Bij conclusie van dupliek refereert [gedaagde] zich voor wat betreft de hoofdsom van de vordering aan het oordeel van de kantonrechter. Voor wat betreft de in rekening gebrachte buitengerechtelijke kosten handhaaft [gedaagde] haar standpunt. [gedaagde] voert verder aan dat VGZ niet is ingegaan op de mededeling van [gedaagde] dat er een regeling getroffen diende te worden via haar schuldbemiddelaar. Daarnaast is [gedaagde] van mening dat geen rekening hoeft te worden gehouden met de uitspraken van haar “life-coach”, mevrouw [begeleidster], nu deze laatste niet namens [gedaagde] in de procedure optreedt. [gedaagde] merkt hierbij op dat de uitspraken van mevrouw [begeleidster] betrekking hebben op de openstaande premiebedragen vanaf 30 november 2008.

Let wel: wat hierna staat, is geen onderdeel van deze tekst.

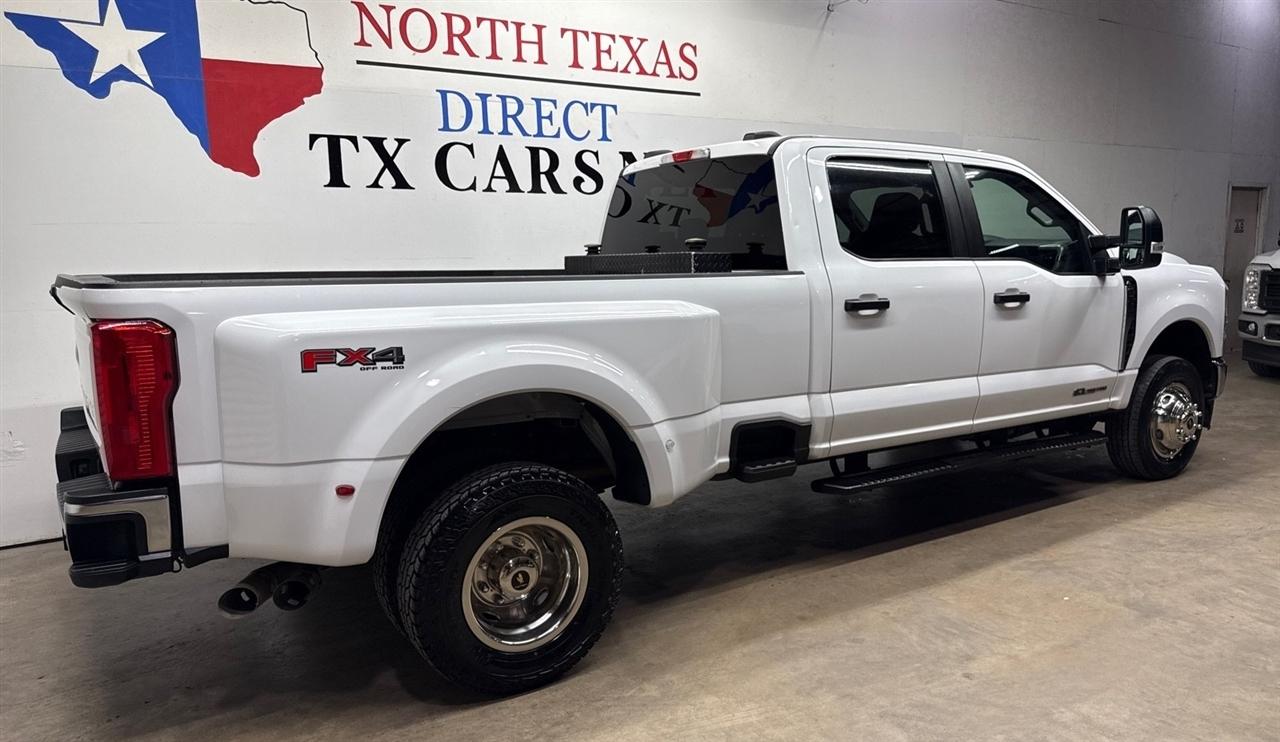 Ford F-350 SD XL Crew Cab Long Bed DRW 4WD 2024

Vaststaat dat [gedaagde] over de periode 1 januari 2007 tot en met 30 november 2008 ziektekostenverzekeringspremies verschuldigd is aan VGZ. Het staat ook vast dat [gedaagde] deze premies niet heeft voldaan, terwijl de omvang van de aldus ontstane schuld
(€ 2.074,02) niet betwist wordt. Het hoofdonderdeel van de vordering zal derhalve worden toegewezen.

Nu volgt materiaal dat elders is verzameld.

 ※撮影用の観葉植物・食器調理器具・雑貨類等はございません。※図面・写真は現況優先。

De vordering betreffende de rente zal worden toegewezen, met dien verstande dat de wettelijke rente slechts vanaf 18 december 2008 toewijsbaar is, nu uit productie 5a behorende bij de conclusie van repliek en de daarop in dezelfde conclusie gegeven toelichting blijkt dat [gedaagde] acht dagen na de verzenddatum van een sommatie d.d.
10 december 2008 krachtens ingebrekestelling in verzuim is geraakt. Van een eerdere concrete verzuimdatum is niet gebleken. VGZ heeft nagelaten dienaangaande een betoog te ontwikkelen waaruit valt af te leiden dat en waarop op een datum eerder dan 18 december 2008 (ten aanzien van het geheel of ten aanzien van onderdelen van de gevorderde hoofdsom) sprake is van wettelijk verzuim.
De gevorderde vergoeding van buitengerechtelijke kosten zal in verband hiermee worden afgewezen. De met die kosten samenhangende werkzaamheden zijn immers verricht tijdens een periode waarvan niet kan worden vastgesteld dat [gedaagde] in verzuim was. Hieruit volgt dat niet kan worden vastgesteld dat de gestelde activiteiten hebben geleid tot (naar noodzaak en omvang) redelijke kosten in de zin van artikel 6:96 lid 1 aanhef en onder c BW. Voor zover op de brief van 10 december 2008 nog activiteiten van Inkasso Unie zijn gevolgd, dienen deze gekwalificeerd te worden als betrekking hebbend op voorbereiding van de gedingstukken en instructie van de zaak. Dergelijke werkzaamheden en de daarop betrekking hebbende kosten vallen onder het bereik van artikel 241 Rv. en dienen via de artikelen 237 tot en met 240 Rv. tot uitdrukking te komen in de beslissing omtrent toedeling van de proceskosten.
[gedaagde] zal als de grotendeels in het ongelijk gestelde partij tot betaling van de aan de zijde van VGZ gevallen proceskosten worden veroordeeld.
BESLISSING
Veroordeelt [gedaagde] om aan VGZ tegen bewijs van kwijting een bedrag te voldoen
€ 2.074,02, vermeerderd met de wettelijke rente vanaf 18 december 2008 tot aan de dag van algehele voldoening.
Veroordeelt [gedaagde] tot betaling van de kosten van deze procedure, aan de zijde van VGZ tot op heden begroot op € 600,98, waaronder een bedrag van € 300,- aan salaris van de gemachtigde(n).
Wijst het anders of meer gevorderde af.
Verklaart dit vonnis uitvoerbaar bij voorraad.
Dit vonnis is gewezen door mr. H.W.M.A. Staal, kantonrechter, en is in het openbaar uitgesproken, in aanwezigheid van de griffier.